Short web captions
Content starts

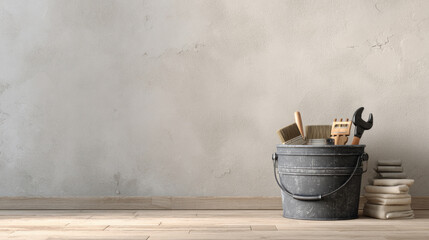 bucket of tools placed next to damaged wall, soft neutral palette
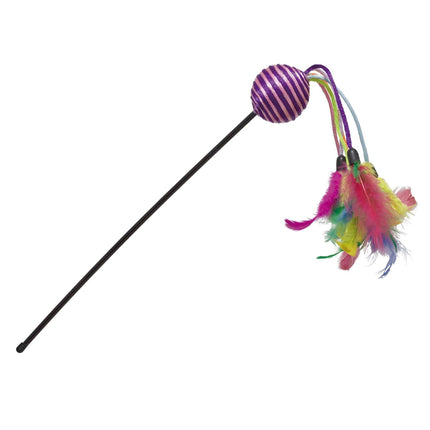 Juguete para gatos con varilla con bola y colas de plumas. 46 cm.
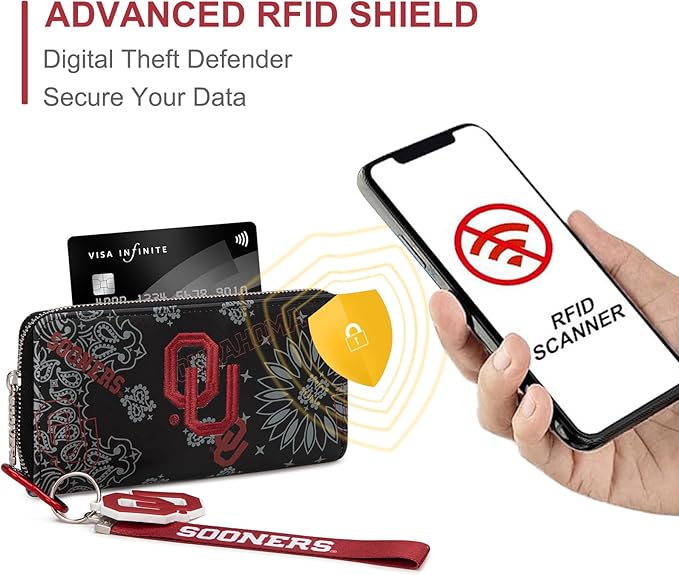 Oklahoma Sooners Wristlet Purse Licensed, OU Team Clutch Wallet with RFID Blocking Card Slot, Zipper Purse for Fan Gifts, Game Day, Travel Essentials | Black, NC-OU011BK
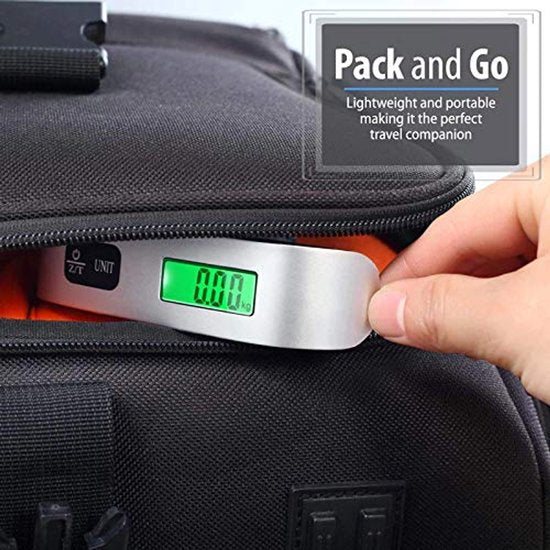 Bagageweegschaal – Digitale kofferweegschaal met weegband – Hangweegschaal – Compact – Zilver-Ilumina Benelux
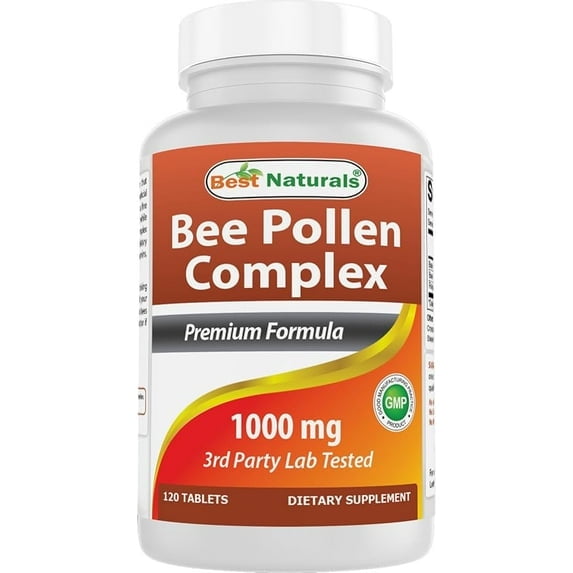 (3 pack) Best Naturals Bee Pollen Complex 1000 mg 120 Tablets, Superfood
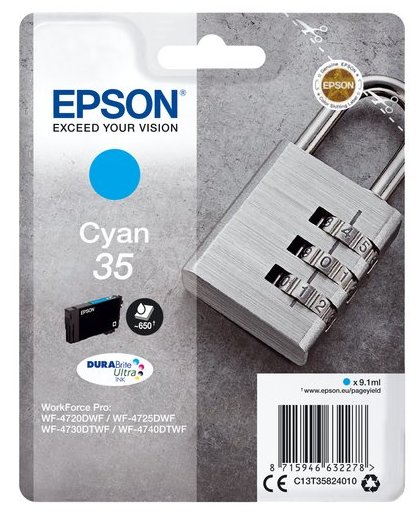 Epson Singlepack Cyan 35 DURABrite Ultra Ink inktcartridge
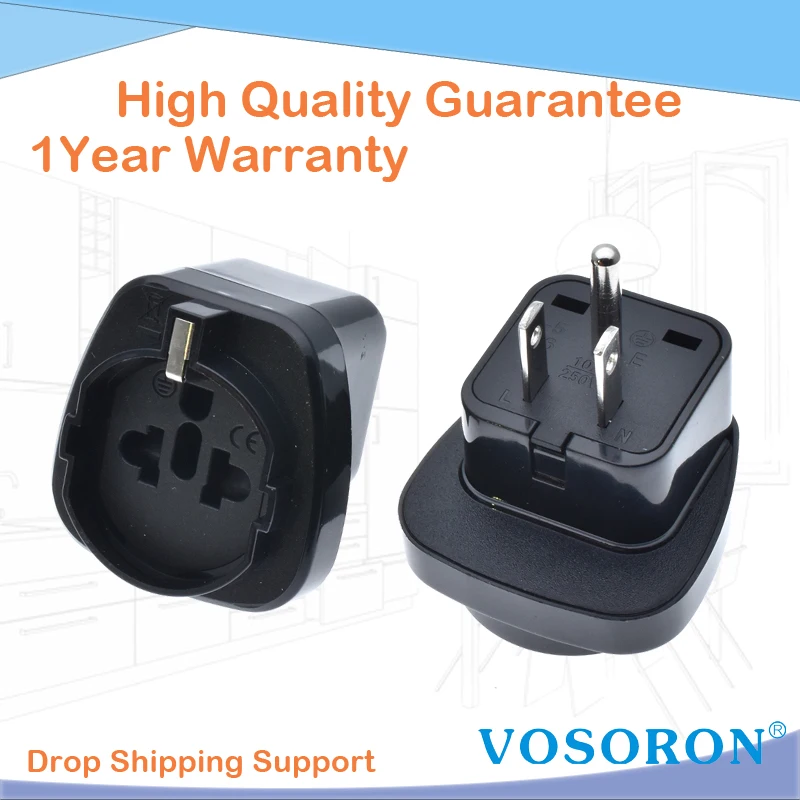 EU french germany to USA Japan canada Philippines Thailand Grounded US Type B Wall cable Plug Travel Adapter Outlet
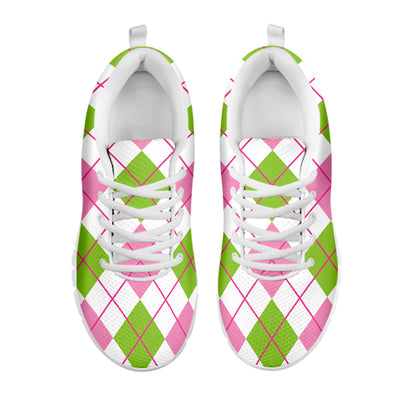 Pink Green And White Argyle Print White Sneakers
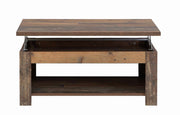 Couchtisch CLIF mit aufklappbarer Platte Optik Old Wood Vintage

Content ends

Exercise instructions – Every line above from the one with "Juguete para gatos" down to the one with "Epson Singlepack Cyan" must be written out exactly, and no picture may appear.

Answer box –
 Juguete para gatos con varilla con bola y colas de plumas. 46 cm.
 Oklahoma Sooners Wristlet Purse Licensed, OU Team Clutch Wallet with RFID Blocking Card Slot, Zipper Purse for Fan Gifts, Game Day, Travel Essentials | Black, NC-OU011BK
 Bagageweegschaal – Digitale kofferweegschaal met weegband – Hangweegschaal – Compact – Zilver-Ilumina Benelux
 (3 pack) Best Naturals Bee Pollen Complex 1000 mg 120 Tablets, Superfood
 Epson Singlepack Cyan 35 DURABrite Ultra Ink inktcartridge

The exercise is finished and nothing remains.